▸ **DATA PROVIDED**:
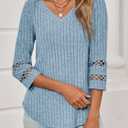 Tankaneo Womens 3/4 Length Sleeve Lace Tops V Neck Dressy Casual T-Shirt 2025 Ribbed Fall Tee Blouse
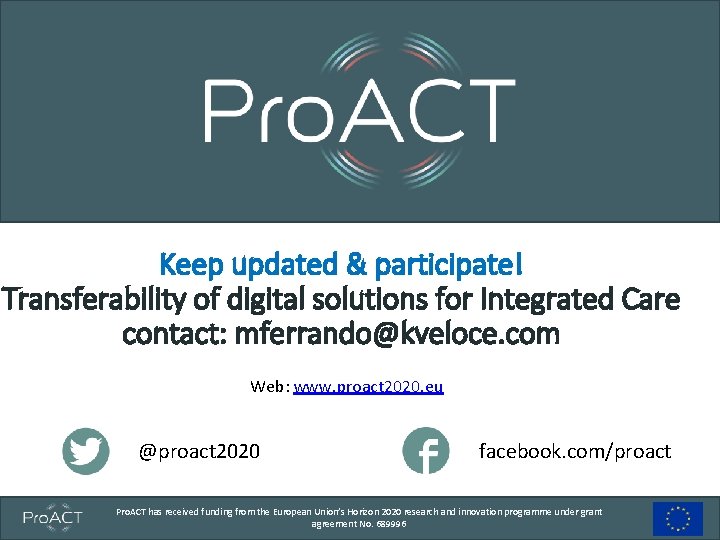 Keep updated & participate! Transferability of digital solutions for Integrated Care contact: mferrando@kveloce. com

...

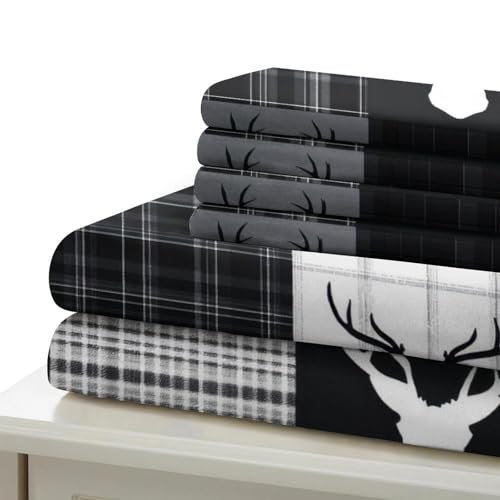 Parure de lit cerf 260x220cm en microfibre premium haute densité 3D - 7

---

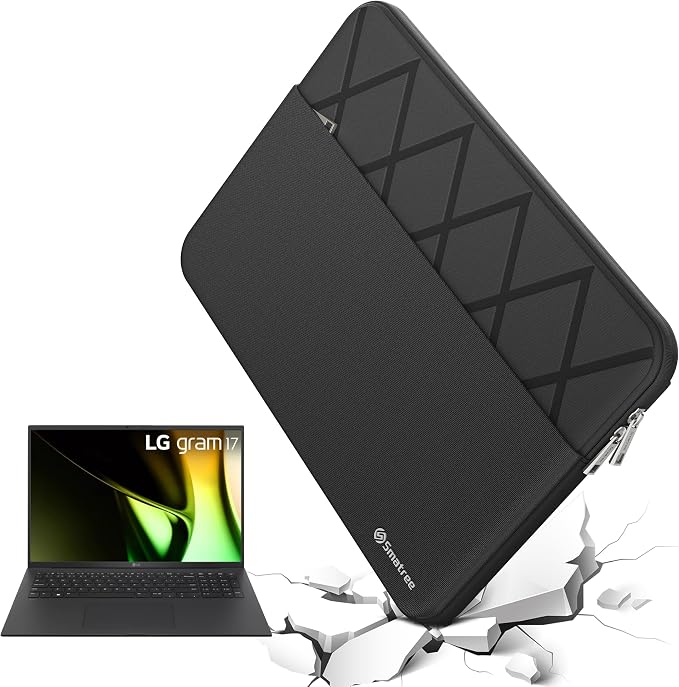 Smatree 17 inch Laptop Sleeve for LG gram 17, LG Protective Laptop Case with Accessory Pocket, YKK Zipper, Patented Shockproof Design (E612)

▸ **WORK TASK**:
Using the data above, copy exactly the lines from the one containing "Tankaneo Womens 3/4" to the one containing "Keep updated &", inclusive. Exclude the pictures.

▸ **WRITTEN ANSWER**:
 Tankaneo Womens 3/4 Length Sleeve Lace Tops V Neck Dressy Casual T-Shirt 2025 Ribbed Fall Tee Blouse
 Keep updated & participate! Transferability of digital solutions for Integrated Care contact: mferrando@kveloce. com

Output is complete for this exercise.